#### Activity:
Using the data that follows, output only the lines from the line with "Benson Upholstered Dining" up to and including the line with "2021 White A", exactly, leaving pictures aside.
►
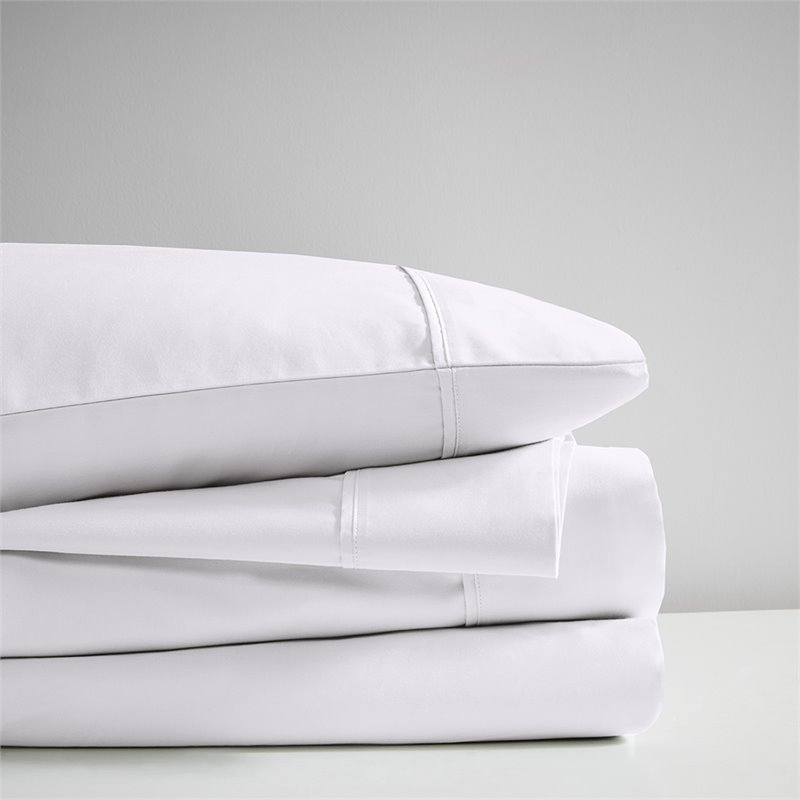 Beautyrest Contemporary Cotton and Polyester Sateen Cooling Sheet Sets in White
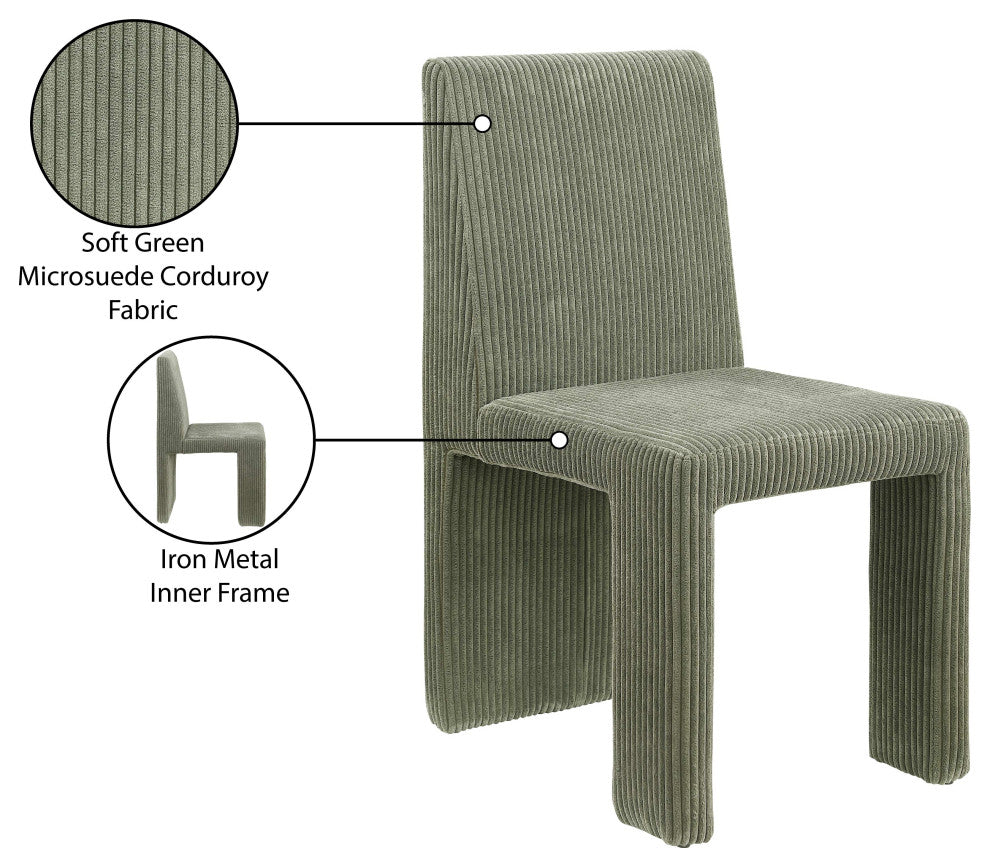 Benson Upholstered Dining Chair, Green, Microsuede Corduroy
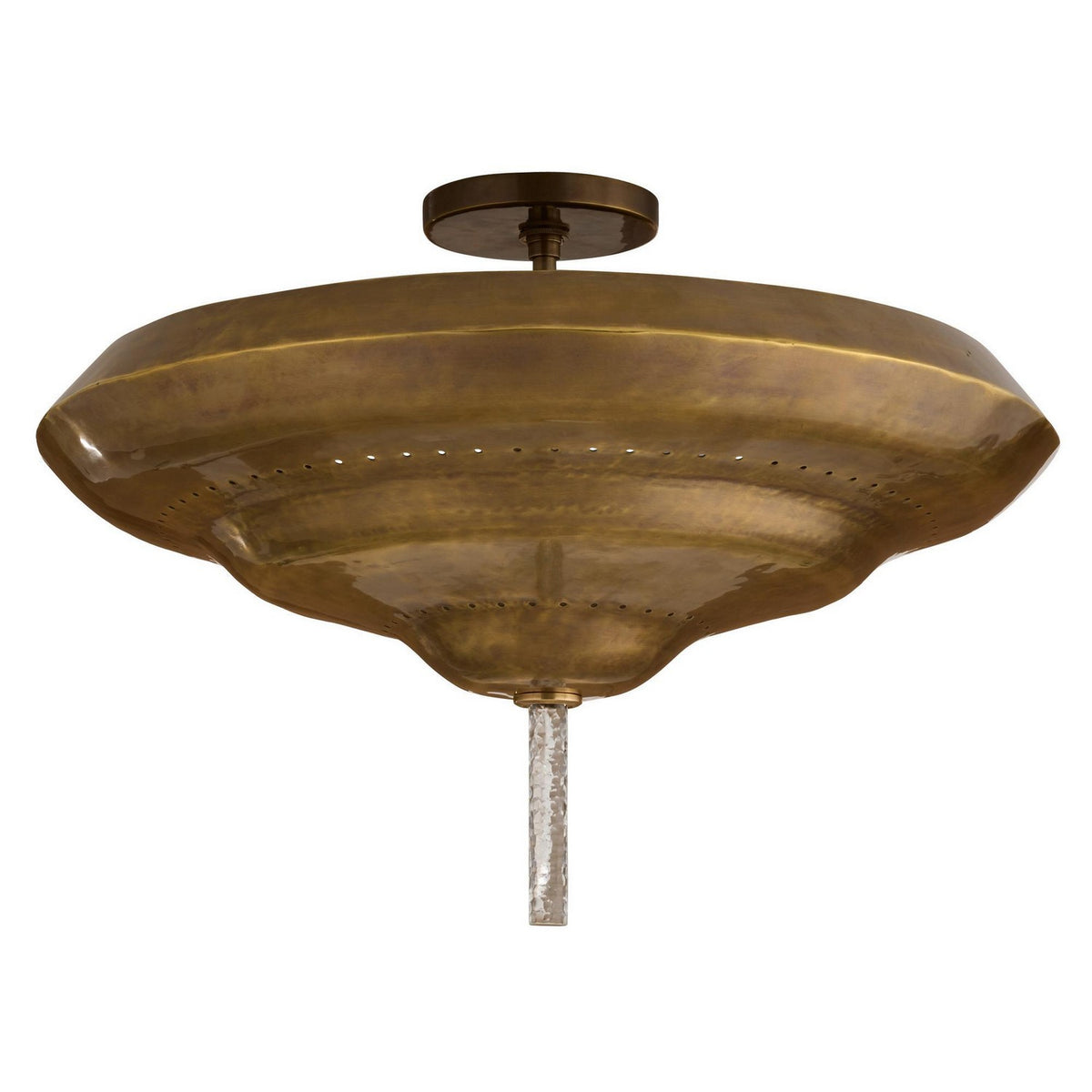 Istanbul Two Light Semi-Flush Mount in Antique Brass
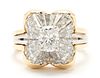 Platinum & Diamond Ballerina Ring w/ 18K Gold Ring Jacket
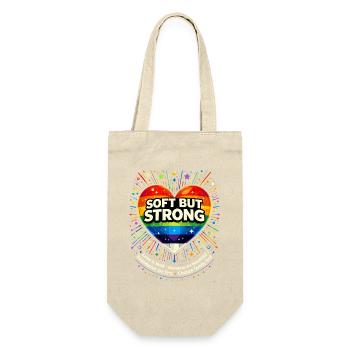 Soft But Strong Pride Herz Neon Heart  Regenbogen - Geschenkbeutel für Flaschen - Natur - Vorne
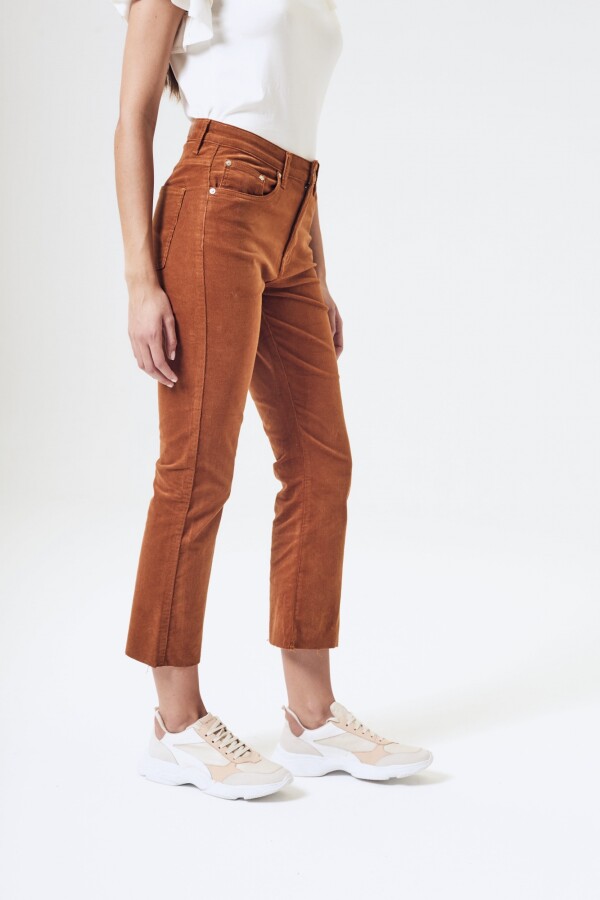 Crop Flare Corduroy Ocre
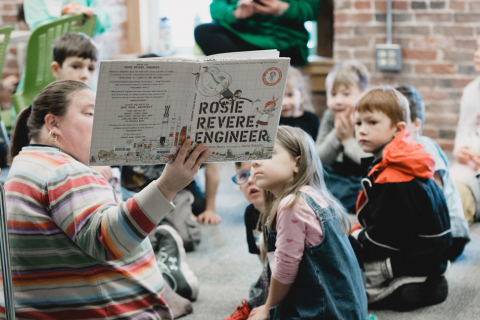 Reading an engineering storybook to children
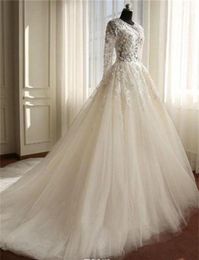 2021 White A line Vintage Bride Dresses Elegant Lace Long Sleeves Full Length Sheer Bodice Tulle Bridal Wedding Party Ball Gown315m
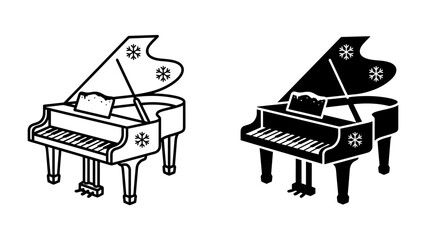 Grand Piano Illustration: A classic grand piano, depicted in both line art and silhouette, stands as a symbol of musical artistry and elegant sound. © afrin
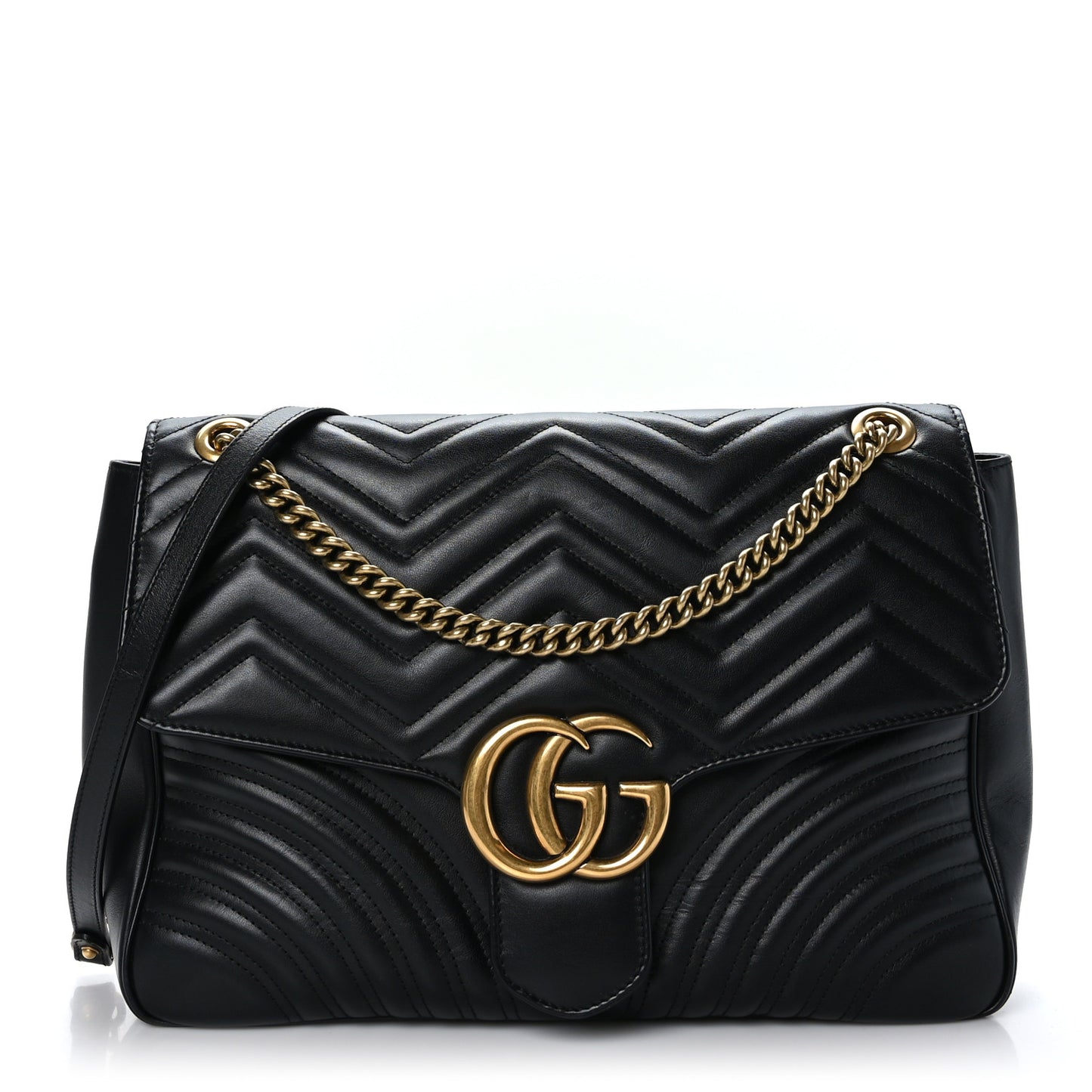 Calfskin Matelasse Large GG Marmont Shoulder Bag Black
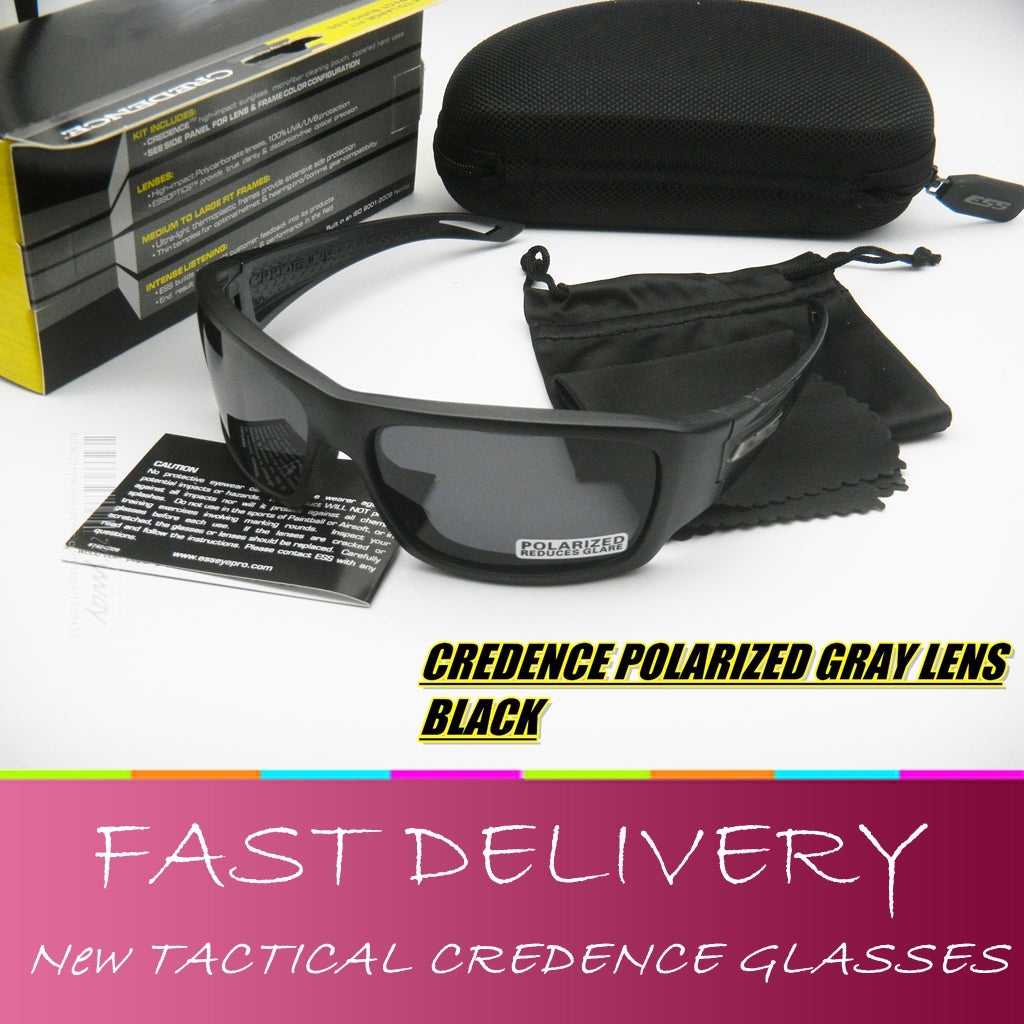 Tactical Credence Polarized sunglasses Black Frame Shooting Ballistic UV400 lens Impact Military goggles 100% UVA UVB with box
◄
#### Task answer:
 Benson Upholstered Dining Chair, Green, Microsuede Corduroy
 Istanbul Two Light Semi-Flush Mount in Antique Brass
 Platinum & Diamond Ballerina Ring w/ 18K Gold Ring Jacket
 Soft But Strong Pride Herz Neon Heart  Regenbogen - Geschenkbeutel für Flaschen - Natur - Vorne
 Crop Flare Corduroy Ocre
 Reading an engineering storybook to children
 2021 White A line Vintage Bride Dresses Elegant Lace Long Sleeves Full Length Sheer Bodice Tulle Bridal Wedding Party Ball Gown315m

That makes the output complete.